A few days after Roy Keane had left the Pacific Island, some believed the story was at an end and went in search of different narratives to frame Ireland’s World Cup around.
Instead the intensity increased and took over every conversation in Ireland. A friend recalls walking along Dublin's Baggot Street in 2002 and realising that the story was now out of control. The husband and wife he passed were talking about Keane. As he went by a pub, all he could hear from inside were the key words belting out and the next few people were engaged with it too.
For years it seemed like it would never end and it rumbled on in one form or another right up until Keane returned to the Ireland set-up in 2014. His presence at the European Championships will probably bring it up again. As Faulkner said, the past is never dead, it’s not even past.
— Ireland Football ⚽️🇮🇪 (@IrelandFootball) April 20, 2016
Keane was a great polarising figure in Ireland subsequent to 2002 and McGregor has had the same effect.
If the sense of shock for those who idolise McGregor as others once idolised Keane is the same, there are key differences.
McGregor’s dispute with the UFC does not have the capacity for friction within Ireland that Keane’s with Mick McCarthy did.
Yet this story will rumble on as Saipan did. McGregor won’t disappear because of Tuesday night’s announcement, no matter how much those who find him disagreeable will it to be so.
The context of McGregor’s tweet and his subsequent exclusion from UFC 200 suggests that, as retirement plans go, this wasn’t a civil servant leaving the Department of Forestry and Fisheries after 40 years of steady service, an index-linked pension and a gift subscription to Open Fairways.
McGregor has a decent pension pot, but he had reason to believe that his earning potential was going to continue to increase, and for a man who has made his wealth central to his mission statement that would seem to provide a context for his retirement.
UFC may feel like they can do without him, and there are those who confidently predict that they can market a new fighter as they have marketed McGregor.

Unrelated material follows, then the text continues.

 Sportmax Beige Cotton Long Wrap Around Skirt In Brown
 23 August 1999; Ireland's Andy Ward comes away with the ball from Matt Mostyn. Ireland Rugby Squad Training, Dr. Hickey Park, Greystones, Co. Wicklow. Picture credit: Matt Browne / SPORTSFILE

But it may not be that simple. There are many reasons for the phenomenon that is McGregor, just as there are many reasons for the rise of MMA.
Ireland may have become hooked because of McGregor, but his rise has been global and it may not be as easy to replicate his appeal simply because there is a template.
McGregor has positioned himself smartly and his appeal has simultaneously transcended UFC and exposed MMA to a whole new audience.
Some of that audience are reluctant or disgusted viewers who can’t understand the attraction of a sport they don’t see as sport at all.
But this position in the counterculture is part of the appeal, just as previous generations became more possessive as their parents questioned if rock ’n’ roll was really music or if civilisation was going to collapse when their children starting attending raves.
There were moments when it all seemed over and those who set themselves in opposition felt they'd seen off this existential threat.
Often it didn't work out that way.
McGregor might have ambitions beyond UFC but he, too, might discover that he needed their expertise as much as they have benefited from his instinctive cunning and marketing genius.
McGregor’s retirement hasn’t altered the fundamentals. ‘What will Conor McGregor do next?’ has been the question which has driven the story during his rise. It will probably become an even more pressing question during his exile, no matter how long it lasts.